Officials seek 'wiggle room' in NAFTA talks as US deadline lapses

Washington (AFP) –


Mexican and Canadian officials on Thursday appeared to brush off the passage of an informal deadline set by the US Congress to reach a deal on revamping a continent-wide trade pact.

Paul Ryan, the speaker of the US House of Representatives, likewise said there was "wiggle room" as Thursday appeared to come and go with no finalized draft agreement -- even though he had previously said American lawmakers needed to have any proposed tri-nation deal by May 17 to have time to vote on it.

The remarks came as Washington faced a dizzyingly complex workload in waging multi-front trade battles with Europe, China and its North American trade partners.

Trump on Thursday lashed out at China and Europe, calling them "spoiled" and casting doubt on the chances of a deal with Beijing even as Chinese negotiators were in Washington for talks.

His words helped send an indecisive Wall Street lower. Trade worries have added to fears that the bull market in US stocks since Trump's election may have come to an end.

The talks to revamp the North American Free Trade Agreement (NAFTA) have been hung up on US demands to increase American content in cars that receive duty free treatment in the trade bloc, and to have a sunset provision, which would require the three governments to renew the treaty after five years.

The political calendar has imposed tight deadlines. Mexico is due to hold presidential elections in July, making authorities there even less willing to appear to have conceded to Washington's demands.

Likewise, November's mid-term legislative elections are also bearing down in the United States, leaving lawmakers in the majority Republican party with little bandwidth to absorb a deal as they fight to hold on to power.

- 'We will keep trying' -

In Mexico, officials on Thursday downplayed the importance of Ryan's deadline.

"Today is definitely not a do-or-die date. The process is continuing, the technical teams from all three countries are working," said Mexican Foreign Minister Luis Videgaray.

His remarks echoed those made by Mexican Economy Minister Ildefonso Guajardo.

"I would not rule out the possibility of reaching (a deal) at any moment from the last week in May, or as long as it takes," Guajardo told journalists.

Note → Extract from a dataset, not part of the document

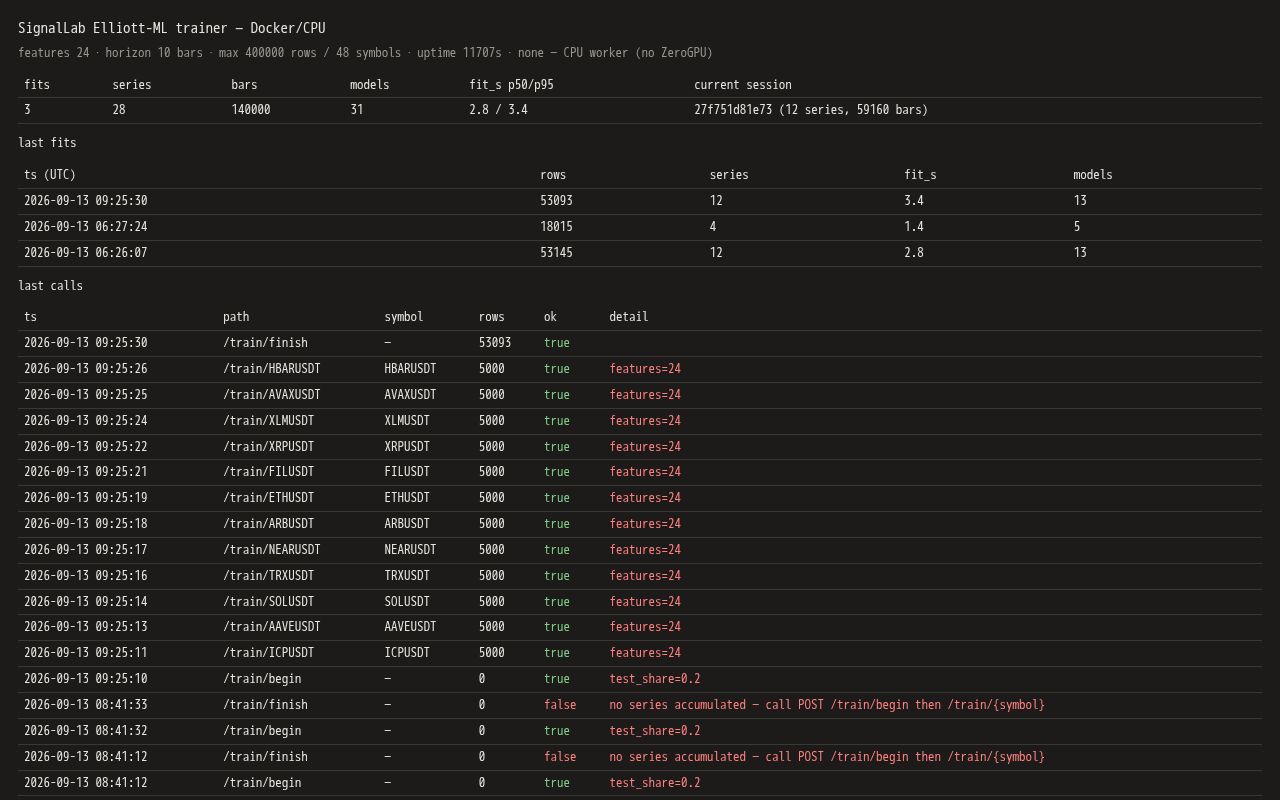 Preview of SignalLab Elliott-ML trainer (CPU)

"I would hope it would happen as soon as possible," he added. "We sat down for a month trying to achieve the necessary flexibility.... We didn't get there last week, but we will keep trying to achieve it."

Canada's Prime Minister Justin Trudeau seemed hopeful, saying Thursday that a deal was "on the table" with just a few more issues to be worked out.

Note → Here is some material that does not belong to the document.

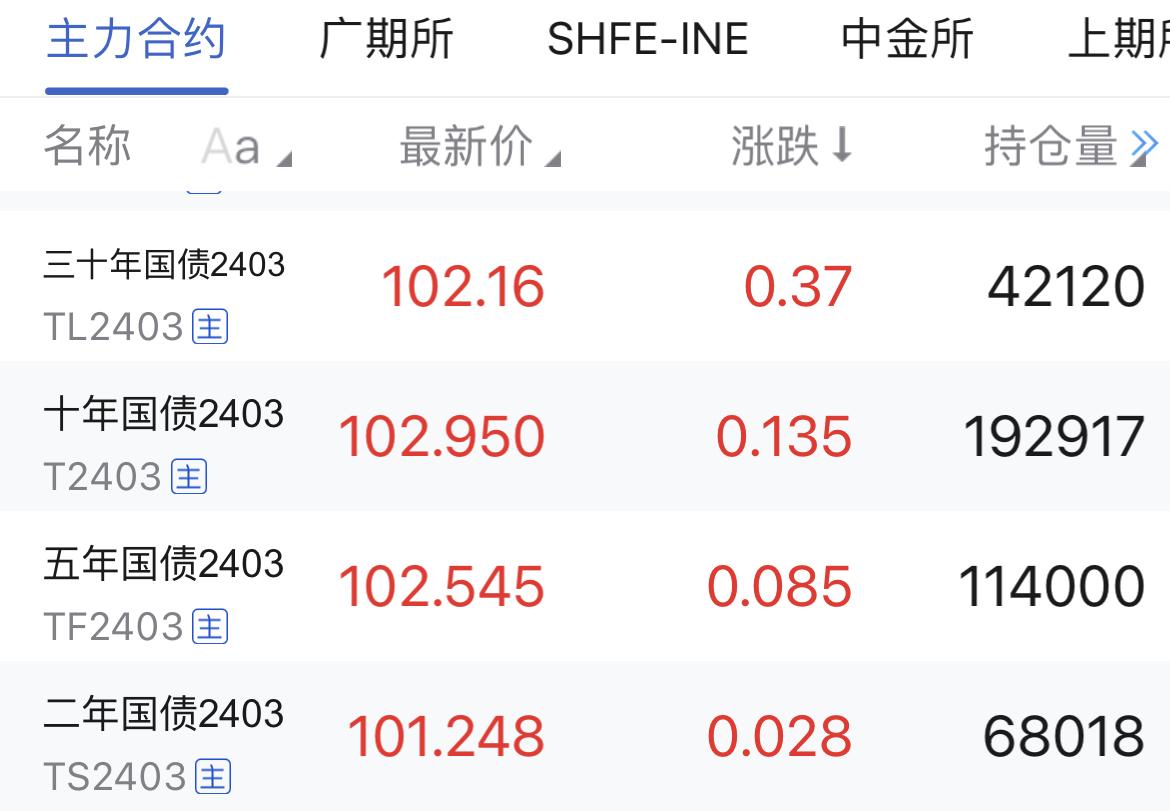 中金所：增加30年期和10年期国债期货合约可交割国债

He described trade in automobiles and auto parts as the last major sticking point in the negotiations to revamp 24-year-old NAFTA.

"It's right down to the last conversations," he said, adding that he is "feeling positive" about the chances the three nations will reach a deal but that "it won't be done until it's done."

House Speaker Paul Ryan, who previously set the deadline, opened the possibility there might be more time.

"My guess is, there's probably some wiggle room...but not an indefinite amount," Ryan told reporters on Thursday.